- Native name: Володимир Миколайович Можаровський
- Born: Volodymyr Mykolayovych Mozharovsky 17 September 1952 (age 73) Bosuvny [uk], Ukrainian SSR, Soviet Union
- Allegiance: Soviet Union Ukraine
- Branch: Ukrainian Ground Forces
- Rank: Colonel general
- Commands: Operational Command South (2001-2003)
- Conflicts: Soviet-Afghan War

= Volodymyr Mozharovsky =

Ukrainian politician and former army officer

Volodymyr Mykolayovych Mozharovsky (Володимир Миколайович Можаровський; born on 17 September 1952), is a Ukrainian politician and former army officer who reached the rank of colonel general and served as the First Deputy Minister of Defense of Ukraine from 2010 to 2012.

Mozharovksy was the commander of the Operational Command South from 2001 to 2004, and the commander of the United Operational Command of the Armed Forces of Ukraine from 2007 to 2010.

==Biography==
Volodymyr Mozharovsky was born on 17 September 1952 in the village of Bosuvny, Luhyny Raion, Zhytomyr Oblast. In 1973, he graduated with honors from the Leningrad Higher Military Command School. At the same year, he was the commander of a motor rifle platoon in the Leningrad Military District. From 1974 to 1985, he served in the positions of commander of a reconnaissance platoon, commander of a company of cadets of the Leningrad Higher Military Command School, and a commander of a motor rifle battalion. From 1985 to 1987, he served as part of the 40th Army in Afghanistan during the Soviet–Afghan War.

From 1987 to 1991, Mozharovsky was the chief of staff and deputy commander of a motor rifle regiment. In 1991, he graduated from the correspondence faculty of the Frunze Military Academy with a gold medal. With the dissolution of the Soviet Union in December 1991, Mozharovsky joined the Armed Forces of Ukraine in 1992. From 1992 to 1996, he was the chief of staff and deputy commander of a motor rifle division and commander of a mechanized division. Between 1996 and 2000, he was the deputy commander of an army corps, and then commander of an army corps. In 1998, he graduated from the operational and strategic faculty of the Academy of the Armed Forces of Ukraine as an external student.

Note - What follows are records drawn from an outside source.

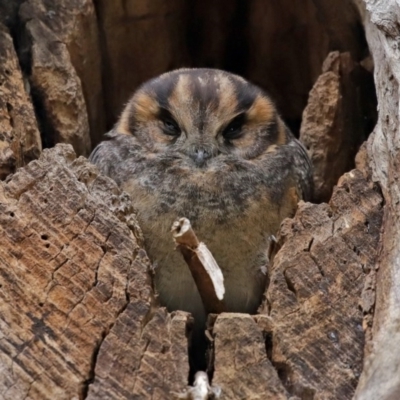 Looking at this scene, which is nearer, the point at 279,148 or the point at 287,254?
the point at 287,254

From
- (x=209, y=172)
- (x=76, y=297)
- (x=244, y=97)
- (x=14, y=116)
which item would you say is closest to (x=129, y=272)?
(x=76, y=297)

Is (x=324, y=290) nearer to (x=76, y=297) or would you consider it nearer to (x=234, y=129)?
(x=76, y=297)

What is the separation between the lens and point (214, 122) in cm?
307

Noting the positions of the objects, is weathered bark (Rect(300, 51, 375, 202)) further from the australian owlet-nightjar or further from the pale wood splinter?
the pale wood splinter

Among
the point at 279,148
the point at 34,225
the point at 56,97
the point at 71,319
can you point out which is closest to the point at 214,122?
the point at 279,148

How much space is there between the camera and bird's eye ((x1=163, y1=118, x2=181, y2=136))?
315cm

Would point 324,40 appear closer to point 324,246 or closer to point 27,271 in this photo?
point 324,246

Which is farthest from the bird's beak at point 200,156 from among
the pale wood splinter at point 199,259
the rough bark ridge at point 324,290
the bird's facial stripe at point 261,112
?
the pale wood splinter at point 199,259

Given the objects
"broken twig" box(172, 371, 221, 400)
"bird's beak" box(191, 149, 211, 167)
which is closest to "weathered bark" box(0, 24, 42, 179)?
"bird's beak" box(191, 149, 211, 167)

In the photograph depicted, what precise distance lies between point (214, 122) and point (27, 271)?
3.20 ft

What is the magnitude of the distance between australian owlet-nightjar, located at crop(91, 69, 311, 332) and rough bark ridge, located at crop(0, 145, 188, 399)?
277 mm

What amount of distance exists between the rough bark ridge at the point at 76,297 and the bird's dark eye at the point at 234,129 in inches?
24.0

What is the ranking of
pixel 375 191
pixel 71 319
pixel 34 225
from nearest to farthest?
pixel 71 319 → pixel 34 225 → pixel 375 191

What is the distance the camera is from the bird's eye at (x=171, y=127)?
3.15 metres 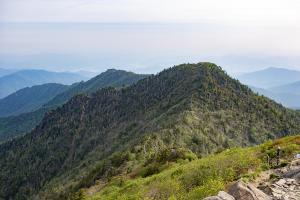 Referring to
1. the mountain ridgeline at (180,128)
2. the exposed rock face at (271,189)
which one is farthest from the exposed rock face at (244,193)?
the mountain ridgeline at (180,128)

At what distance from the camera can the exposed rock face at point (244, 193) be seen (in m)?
25.3

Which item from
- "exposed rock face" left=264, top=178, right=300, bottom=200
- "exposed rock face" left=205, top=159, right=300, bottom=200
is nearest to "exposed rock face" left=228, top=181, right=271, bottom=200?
Answer: "exposed rock face" left=205, top=159, right=300, bottom=200

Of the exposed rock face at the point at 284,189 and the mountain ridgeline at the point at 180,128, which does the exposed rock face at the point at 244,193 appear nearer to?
the exposed rock face at the point at 284,189

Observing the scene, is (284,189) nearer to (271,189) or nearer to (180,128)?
(271,189)

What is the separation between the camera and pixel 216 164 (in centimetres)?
3797

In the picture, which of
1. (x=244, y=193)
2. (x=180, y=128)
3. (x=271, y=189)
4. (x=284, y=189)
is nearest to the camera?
(x=244, y=193)

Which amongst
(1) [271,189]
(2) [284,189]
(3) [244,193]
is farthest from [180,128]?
(3) [244,193]

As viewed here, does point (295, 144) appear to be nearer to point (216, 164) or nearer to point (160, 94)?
point (216, 164)

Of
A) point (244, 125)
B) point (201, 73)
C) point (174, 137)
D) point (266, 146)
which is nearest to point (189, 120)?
point (174, 137)

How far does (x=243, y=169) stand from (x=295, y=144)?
8705 millimetres

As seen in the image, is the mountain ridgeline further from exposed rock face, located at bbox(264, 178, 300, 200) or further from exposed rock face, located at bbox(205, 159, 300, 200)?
exposed rock face, located at bbox(264, 178, 300, 200)

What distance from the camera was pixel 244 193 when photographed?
25.4 m

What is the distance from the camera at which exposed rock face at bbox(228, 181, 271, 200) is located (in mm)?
25281

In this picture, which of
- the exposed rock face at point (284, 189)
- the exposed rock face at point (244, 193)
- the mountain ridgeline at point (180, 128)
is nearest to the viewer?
the exposed rock face at point (244, 193) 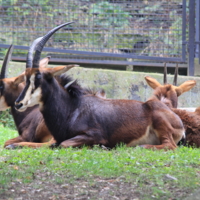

From 2000 to 2001, Mozharovsky served as first deputy commander of the Ukrainian Ground Forces. On 19 December 2001, Mozharovky became the commander of the forces of the Southern Operational Command. In 2004, he became chief of staff and first deputy commander of the Northern Operational Command. From 2005 to 2007, he was chief of staff and first deputy commander of the Ukrainian Ground Forces. On 7 November 2007 he became the commander of the United Operational Command of the Armed Forces of Ukraine. From January between August 2010, he was the first deputy chief of the General Staff of the Ukrainian Armed Forces. On 18 February 2010, Mozharovsky became the first deputy minister of defense.

On 22 February 2011, when asked about whether Ukrainian fighter jets were involved at the Libyan Civil War, Mozharosky stated, "I categorically deny, I immediately want to tell you (this information) and I want to inform you that there is not a single military pilot on the territory of this state and not a single military plane of ours either."

On 15 March 2011, Mozharosky was dismissed from military service for health reasons. On 18 February 2012, he was demoted to Deputy Minister of Defense - chief of staff. On 5 March 2014, Mozharovksy was then dismissed as Deputy Minister of Defense of Ukraine - chief of staff at his own request.